So here's what that bad Teddy has done this time.  In his agony over not actually having the power after all to unseat/destroy the sitting president, Barack Hussein Obama, and all the stray Democrats (a power he, sadly, truly believed he had--see first sentence below), he's gone back to his old Devil's Thesaurus to find just the right words to settle this thing once and for all.  At the 2014 Shooting, Hunting and Outdoor Trade Show (SHOT) last week, he took a moment to tell a reporter for Guns.com what he thought of Barack Obama. That Obama is one bad dude. He is, in fact, according to Teddy, a "sub-human mongrel."
  
Here's Teddy:
I have obviously failed to galvanize and prod, if not shame enough Americans to be ever vigilant not to let a Chicago communist, raised communist, educated communist, nurtured subhuman mongrel like the ACORN community organizer gangster Barack Hussein Obama to weasel his way into the top office of authority in the United States of America. I am heartbroken but I am not giving up. I think America will be America again when Barack Obama, [Attorney General] Eric Holder, Hillary Clinton, [Sen.] Dick Durbin, [former New York City Mayor] Michael Bloomberg and all of the liberal Democrats are in jail facing the just due punishment that their treasonous acts are clearly apparent.

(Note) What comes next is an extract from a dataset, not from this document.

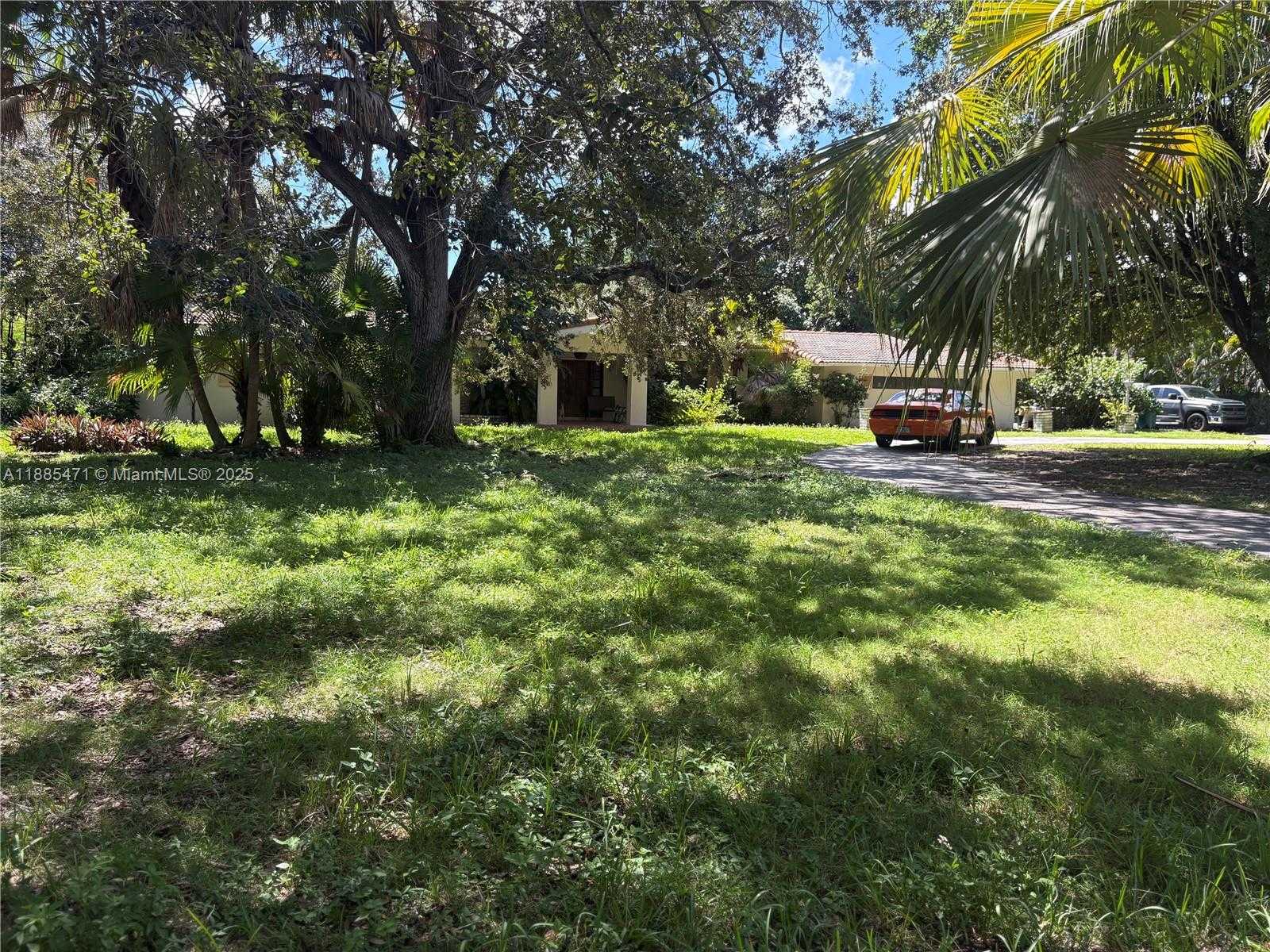 Small Image of 6300 SOUTH WEST 98TH ST, Pinecrest Number 5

So a lot of people would call that inflammatory speech. Well I would call it inflammatory speech when it's your job to protect Americans and you look into the television camera and say what difference does it make that I failed in my job to provide security and we have four dead Americans. What difference does that make? Not to a chimpanzee or Hillary Clinton, I guess it doesn't matter.

I don't know how Hillary got in there.  I would think it's because she could be a contender--a Democratic contender--in 2016, and that would be bad for his guys. But he's a Hillary-hater from way back.  At a 2007 concert he told Hillary to ride his machine gun and called her a worthless bitch.  (He had some choice words for Barbara Boxer and Diane Feinstein at that same concert, but you'll understand if I pass on posting them here. )

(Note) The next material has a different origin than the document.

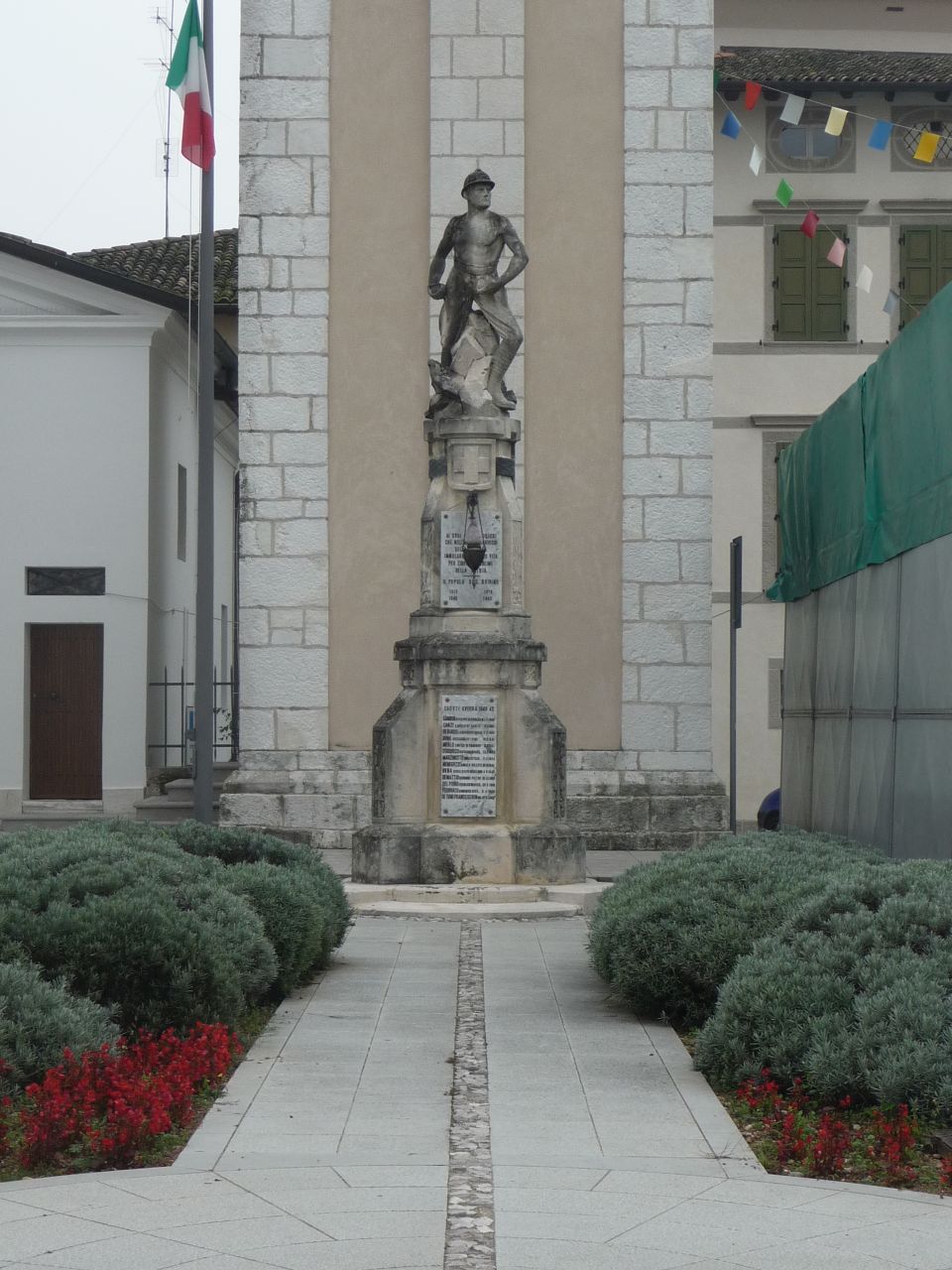 Figura di soldato in combattimento: fante (monumento ai caduti - a colonna, opera isolata) di Dall'Anese Giovanni (attribuito) (XX)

So.  Two things happened that gave Teddy the idea that he might be more than an old rock star--that he might actually have a future in galvanizing Americans to jump into rabbit holes and view the world in a topsy-turvy setting having nothing to do with reality:  The NRA gave him a position on their board, and Texas Tea Party congressman Steve Stockman got him a seat at last year's State of the Union address.

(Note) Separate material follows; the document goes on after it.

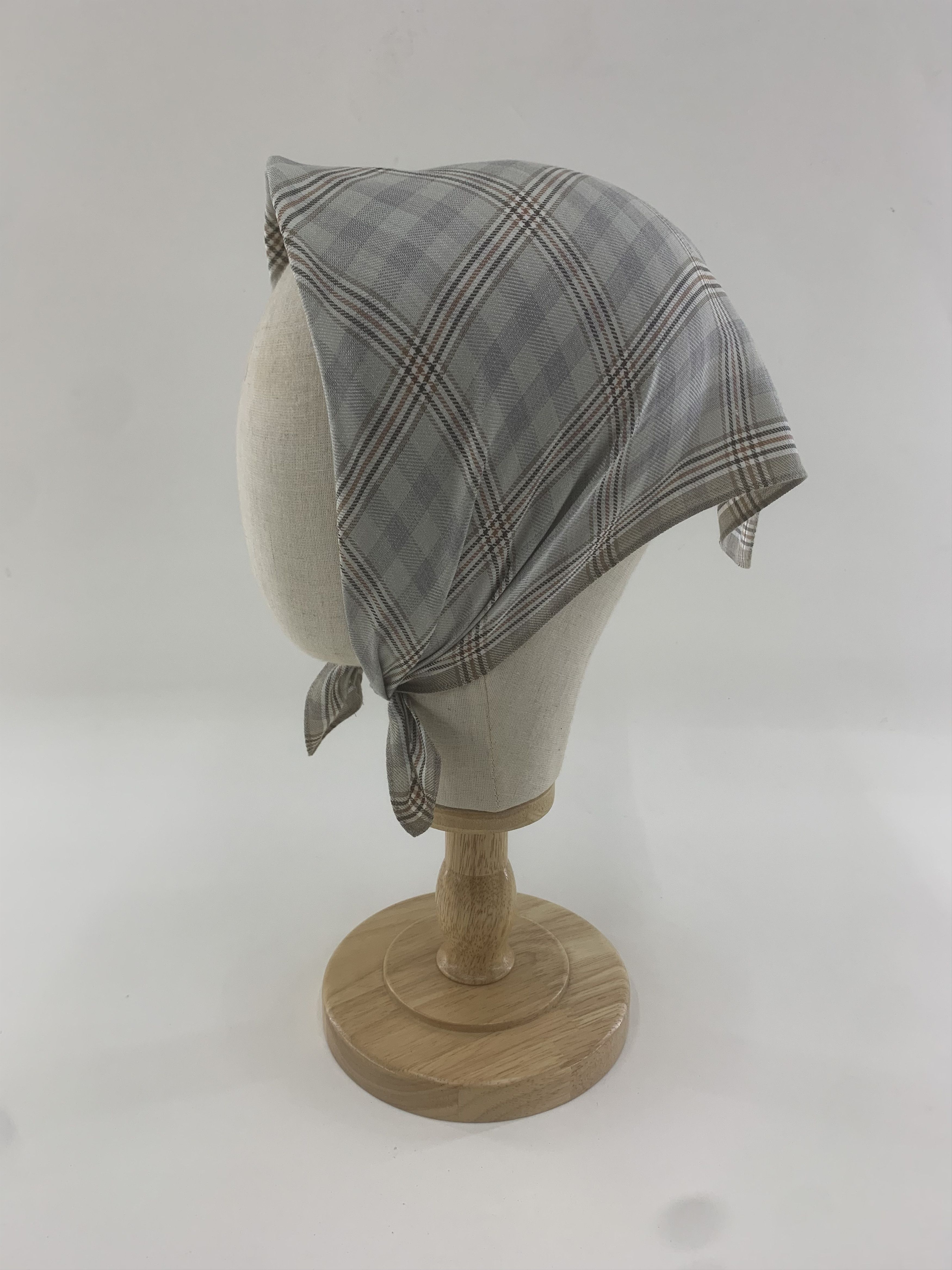 Pierre Balmain Pierre Balmain Handkerchief Bandana Neckerchief TB3449 Size ONE SIZE - 3 Thumbnail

That last gig thrilled Teddy no end:




He had a good career going there for a while as a singer.  ("Cat Scratch Fever")  He could carry a tune and everything. ("Cat Scratch Fever")  But it could be that the crowds stopped coming (just guessing) and if he wanted to stay in the spotlight he had to find a new gig.

But what's a Medicare-eligible guy to do when he has his big 'ol patriot heart set on saving the country from assorted Muslims and Communists and uppity wimmin but his only talents lean more toward screaming and cussing and prevaricating while making goofy faces and toting big-ass guns?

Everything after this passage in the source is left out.